Section 125 Cafeteria Plan Setup for Insurance Agencies (Independent) in Fort Myers, FL

Fort Myers, FL · Updated June 2026 · Insurance Agencies (Independent) HR & Benefits Compliance

Fort Myers sits at the heart of Southwest Florida's insurance market, serving Lee County and the broader region including Cape Coral, Bonita Springs, and Estero. Independent agencies in the Fort Myers market are navigating a particularly complex environment in 2026: the post-hurricane property insurance upheaval has created both opportunity and pressure, with homeowners desperate for knowledgeable independent brokers while the carrier market tightens. At the same time, the Fort Myers housing market — where the median sale price fell to around $340,000 after a 10% year-over-year decline — has drawn many residents to reconsider their coverage needs. Independent agencies staffing up to meet this demand need competitive benefits, and a Section 125 cafeteria plan is one of the fastest ways to improve your offer without raising gross payroll.

Section 125, also called a cafeteria plan, is an IRS-authorized arrangement that lets employees pay for qualifying benefits — health insurance premiums, dental, vision, FSA contributions — with pre-tax dollars. The result is lower federal income taxes and lower FICA for both the employee and the employer. For a Fort Myers agency paying competitive salaries to licensed agents, these savings can be meaningful and recurring every payroll cycle.

Why Fort Myers Independent Agencies Need to Act on Section 125

Fort Myers is home to established independent agencies like Avalon Insurance Group, Lott-Gaylor (with over 40 years in Southwest Florida), and Abide Agency Commercial Insurance Solutions. These competitors are already offering benefits packages to attract producers. If your agency is not yet running a Section 125 plan — or is running one informally without a compliant plan document — you are likely paying more in FICA than necessary and providing a weaker benefits story to prospective hires.
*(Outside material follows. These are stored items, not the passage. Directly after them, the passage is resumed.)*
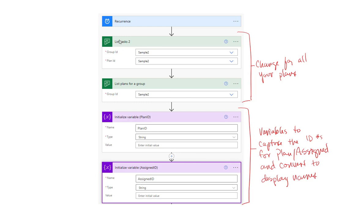The first thing you want to do is add a Recurrence. This Recurrence is a timed trigger. In this example, we're dumping all tasks — every single task from a plan — and we're going to erase this list on a daily basis. There's another video on the channel on erasing a SharePoint list with Power Automate. This Recurrence could be once a week, once a day, once a month — whatever. Then we're going to use List Tasks, which is an action within Power Automate. Put in the name of the group and the plan.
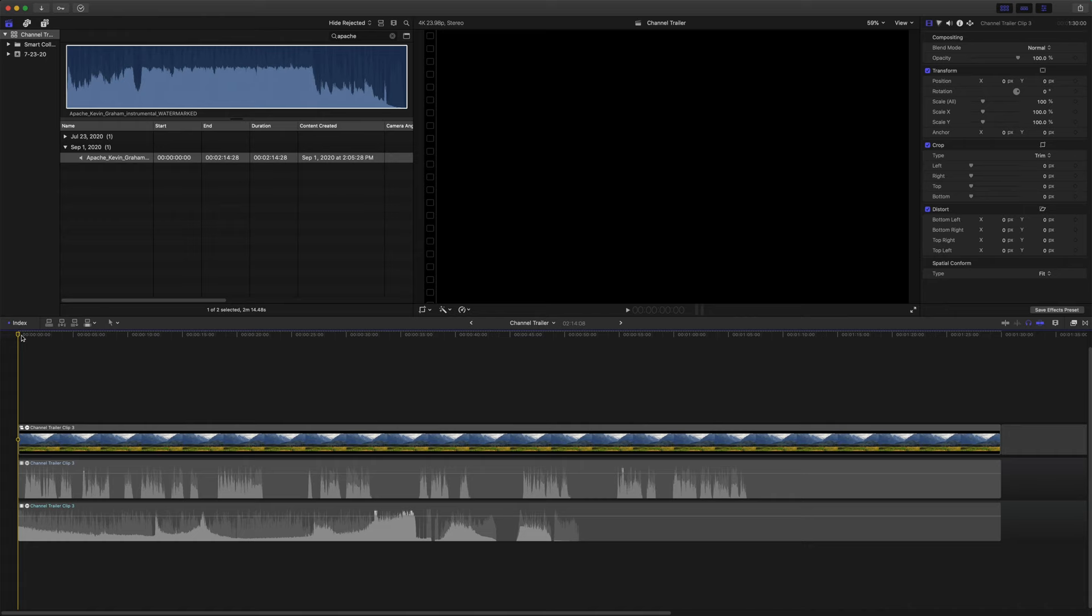This week on Final Cut Pro, I'm going to be showing you my five step process for making any song work for your videos. This video is going to be a little bit longer, so I will have time codes beneath if there's any section you want to skip to. Let's get started.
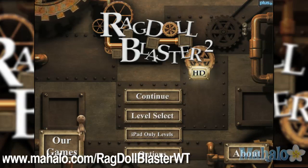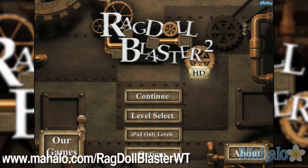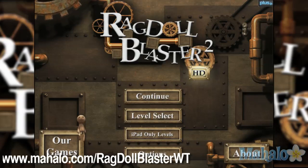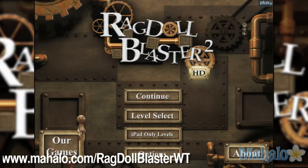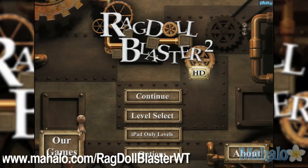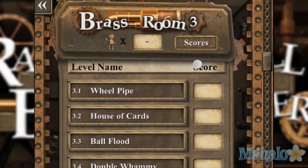Hello casual gamers, Christy Lynn here at Mahalo Video Games with an educational video on how to play Ragdoll Blaster 2 HD for the iPhone. This game is also available on the iPad. For more videos in this series, visit www.mahalo.com/RagdollBlasterWT. Don't forget to rate, comment, and subscribe to this video.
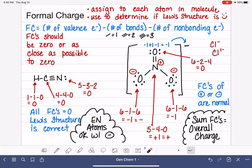In the next few videos, I'm going to do a lot more practice calculating formal charges, applying them to determine whether a Lewis structure is accurate, and also learning how to use formal charge to correct inaccurate Lewis structures.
The Fort Myers labor market remains active across insurance-adjacent roles. Licensed property and casualty producers are especially in demand given the region's exposure to hurricane risk and the ongoing shifts in the homeowners carrier landscape. Offering a health FSA alongside group health premiums on a pre-tax basis can increase effective take-home pay by $600 to $1,200+ per year for employees electing $200–$300/month in premiums — a tangible difference when recruiting against captive agencies that have larger HR teams but less flexibility in compensation structure.

On the employer side, if you have five W-2 employees each electing $5,000 annually in pre-tax premiums and FSA, your agency saves approximately $1,913 in employer FICA contributions annually. That more than covers the cost of a plan document and annual administration, making the setup essentially self-funding from day one.

Step-by-Step: Setting Up Your Section 125 Plan in Fort Myers

  1. Assess your benefits offerings. Identify which benefits you currently provide and which you want to make available pre-tax. Most agencies start with a Premium-Only Plan (POP) that simply routes employee health premium contributions through a pre-tax channel.
  2. Draft the plan document. The document must state the plan name, plan year, eligible benefits, eligibility rules, election procedures, qualifying life event definitions, and COBRA continuation provisions. Retain a benefits attorney or TPA (third-party administrator) if you lack in-house HR counsel.
  3. Establish eligibility rules. Define which W-2 employees may participate (e.g., full-time employees after 30 days). Confirm that any S-corp shareholders over 2% are excluded from pre-tax treatment.
  4. Conduct open enrollment before plan year start. Distribute election forms and benefit summaries at least two weeks before the plan year begins. Collect signed, dated election forms from every participating employee.
  5. Update payroll configuration. Notify your payroll provider to code elected deductions as pre-tax Section 125 deductions. Verify the W-2 Box 12 coding is correct at year-end.
  6. Administer FSA if included. If you offer a health FSA, establish reimbursement procedures. Employees submit eligible expenses; you reimburse from their FSA balance. A TPA can handle this for modest monthly fees.
  7. Run annual nondiscrimination testing. Test for eligibility, benefits concentration, and utilization by highly compensated employees before year-end. Document results and correct any failures before the plan year closes.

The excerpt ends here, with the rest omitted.